Lakeland director elects $39,875 in stock; RSUs include 30% premium
Rhea-AI Filing Summary
Form 4 filed for LAKELAND INDUSTRIES INC (LAKE) reporting person: Nikki Hamblin. The filing reports equity awards granted on 08/01/2025 as compensation for director retainer fees.
Table I shows an acquisition (Code A) of 2,987 shares of restricted common stock and an acquisition of 896 restricted stock units (RSUs). Footnotes state Ms. Hamblin elected to receive $39,875 of her remaining fiscal year 2026 retainer in common stock based on a per-share value of $13.35, and the RSUs represent a 30% premium on the equity election amount. The restricted stock and RSUs vest on the first anniversary of the grant, subject to continued service and termination-for-cause provisions.
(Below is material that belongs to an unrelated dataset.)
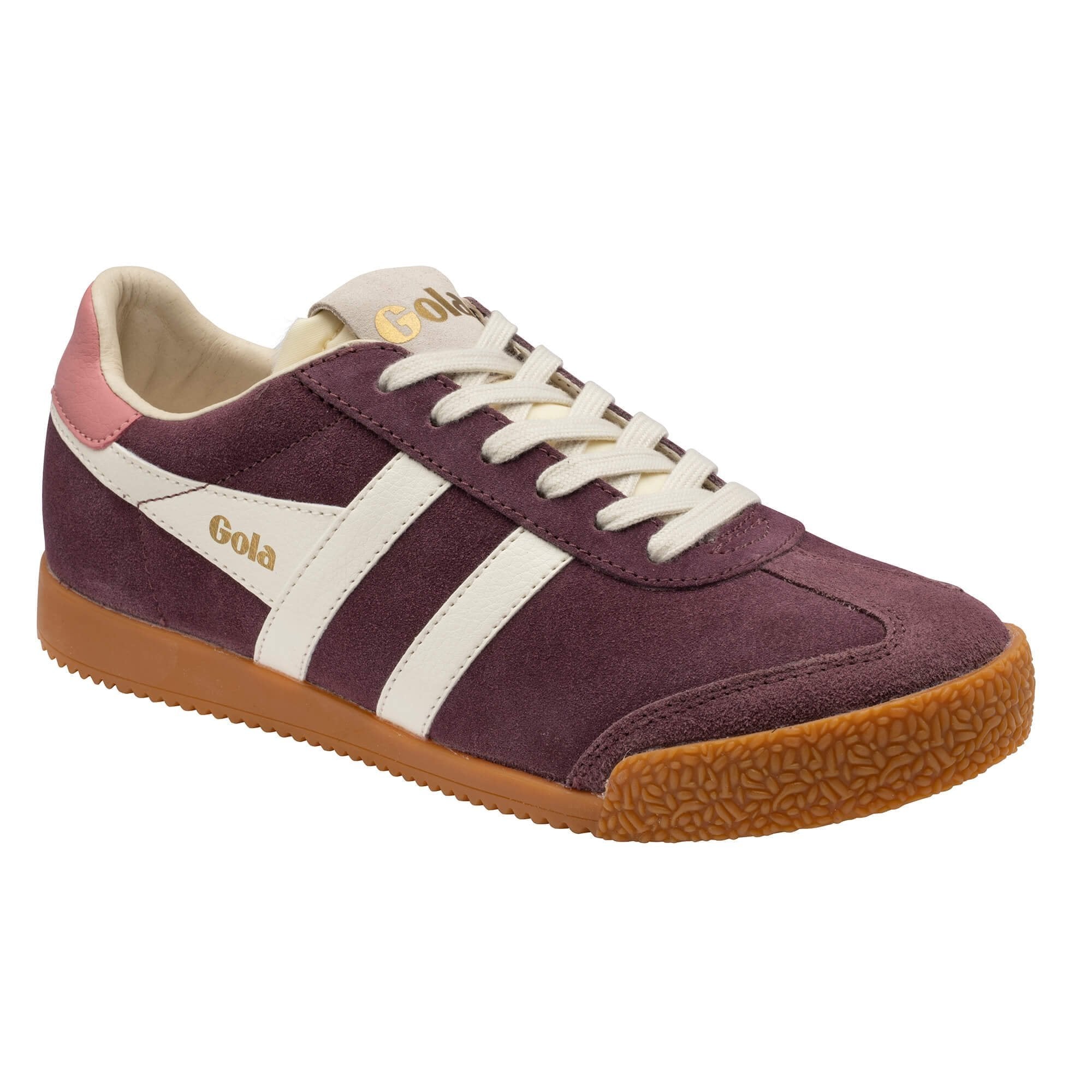 Gola Elan trainer in Windsor Wine/Off White/Coral Pink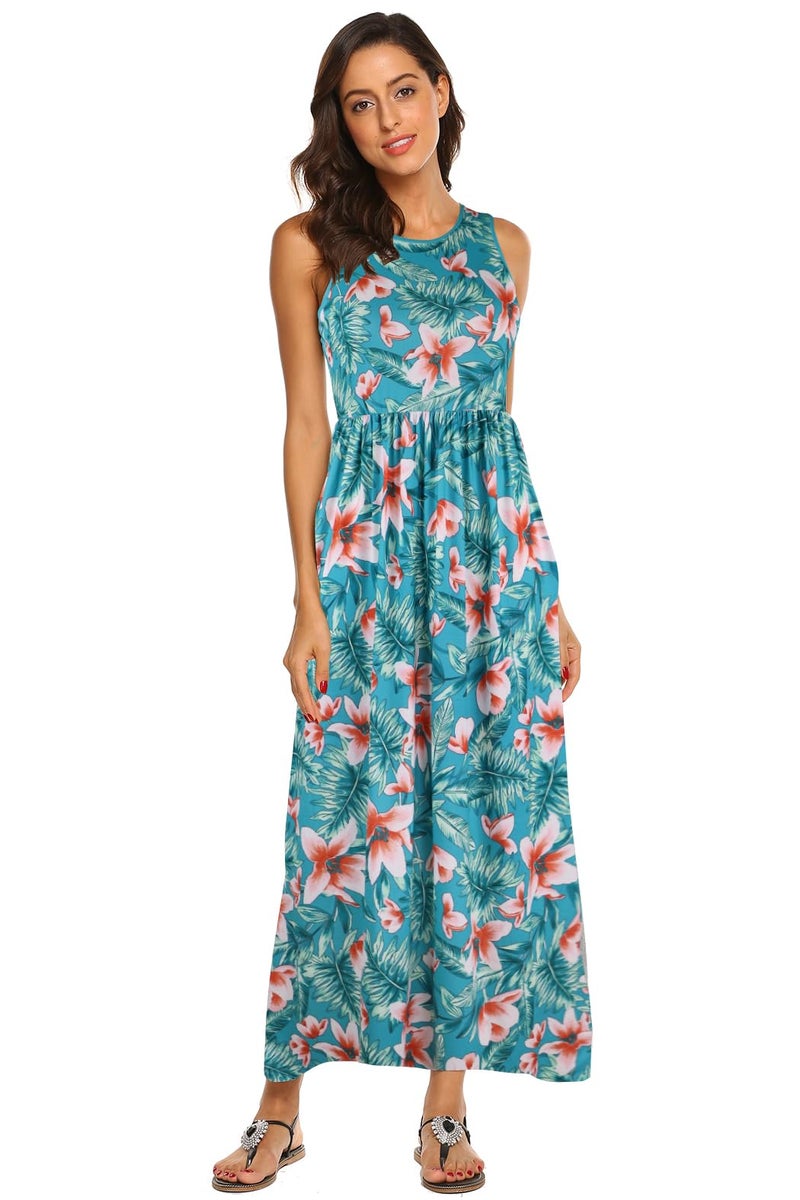 Hount Summer Maxi Dresses for Women 2026 Casual Soft Short Sleeve Vacition Hawaiian Sun Dresses - Image 4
The form is signed by Roger D. Shannon by power of attorney on 08/05/2025.
Positive
- None.
Negative
- None.
Insights
TL;DR: Routine director compensation converted to equity: modest share grants and premium RSUs, not a material capital event for investors.
This Form 4 documents non-derivative acquisitions by director Nikki Hamblin on 08/01/2025: 2,987 restricted shares and 896 RSUs granted as retainer compensation. The cash-equivalent election of $39,875 and the stated per-share valuation of $13.35 are explicit. Vesting is time-based (one year) and contingent on continued service. From an analyst perspective, these awards align director incentives with shareholders but do not constitute dilution material enough to affect valuation given the modest absolute share count disclosed.
TL;DR: Governance practice: equity in lieu of cash and a 30% RSU premium are transparent, time‑vested incentives typical for non-employee directors.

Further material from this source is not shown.